Building the Big Banks
      So, let's start with me. I have a checking account at a Wells Fargo Wachovia bank and I regularly make deposits, withdrawals and debit purchases with it. A few months ago, Wachovia settled a case with the Department of Justice for $160 million on the charge of laundering potentially billions of dollars for Mexican drug cartels. High-level Wachovia executives would have us believe they had no prior knowledge of this serious criminal activity which helped keep their company afloat (at least for a little while), but evidence suggests there were numerous red flags they were made aware of and chose to ignore. At the very least they had been extremely negligent in establishing and maintaining money laundering “detection systems”, and why wouldn’t they be when due diligence may cost them millions in bonuses. [2]. Thousands of innocent Mexican and American citizens die every year at the hands of Mexican drug cartels and violence associated with their activities. The drug trade also contributes greatly to socioeconomic ills in both societies, such as the social costs resulting from habitual drug abuse and economic costs from medical treatment and prosecuting the "war on drugs". [3]. I feel an acute sense of guilt for depositing my money at Wachovia banks, supporting their business activities and aiding them in growing to the extent that their managers can get away with financing murder, even though the amount in my checking account alone is negligible to their overall worth. There are obviously millions of other people in this country who also support Wachovia and other major financial institutions like it, and all that cash adds up to serious capital.

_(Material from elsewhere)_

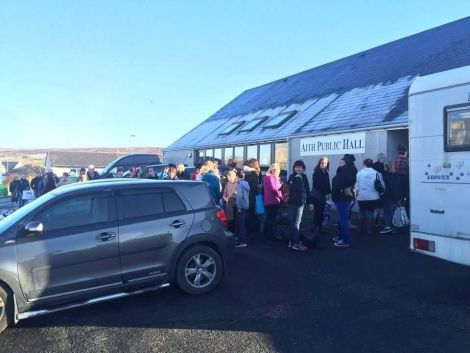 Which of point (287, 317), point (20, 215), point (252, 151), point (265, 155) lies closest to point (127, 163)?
point (252, 151)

     Most people are already familiar with the SEC’s charges of fraud against Goldman Sachs for a deal involving a synthetic credit default obligation and severe conflicts of interest, since it gained so much coverage in the financial press, including the champion of mainstream financial news, CNBC. [4] There were also some more subtle, yet equally fraudulent practices at other major banks which have occurred during the last year or two. J.P. Morgan was recently investigated by the Department of Justice for manipulating prices in silver markets and potentially defrauding people out of billions of dollars. This investigation was launched after a whistleblower contacted the CFTC with specific details of how the bank used concentrated short positions to push prices down on certain dates and actually told them a specific future data when it would happen, and sure enough it happened exactly as he said (the whistleblower was then involved in a hit-and-run car accident which may or may not have been related). [5] [6]. J.P. Morgan also settled a $700 million case with the DOJ earlier this year regarding their blatant kickbacks to local officials in Jefferson County, Alabama to be selected as the managing underwriter for bond offerings and complex swap agreements, in which the bank charged the taxpayers higher interest rates to offset the bribes. [7].
     The bank who is thought of as the first domino in the 2008 financial crisis and the biggest corporation to ever declare bankruptcy, Lehman Brothers, had been committing accounting fraud in the midst of the subprime crisis through “repo 105” transactions. These sale and repurchase agreements effectively allowed them to temporarily transfer toxic assets off of their balance sheets before reporting periods and use the money borrowed against them to pay down liabilities and reduce their publicly reported leverage. [8]. This accounting scheme allowed them to appear healthier and more solvent than they actually were as the subprime housing market began to implode. Although Lehman’s games eventually caught up with them and they were allowed to fail, it is hard to imagine that the other major banks weren’t engaged in similar frauds against investors and creditors, and of course many of these banks were eventually bailed out by the taxpayers. This type of blatant disregard for ethical accounting practices just further shows the lengths to which some of these institutions would go to keep playing their cruel games, right up until the bitter end. Perhaps we didn’t bail them out at all, but simply paid for our past decisions to support these banks as a collective society.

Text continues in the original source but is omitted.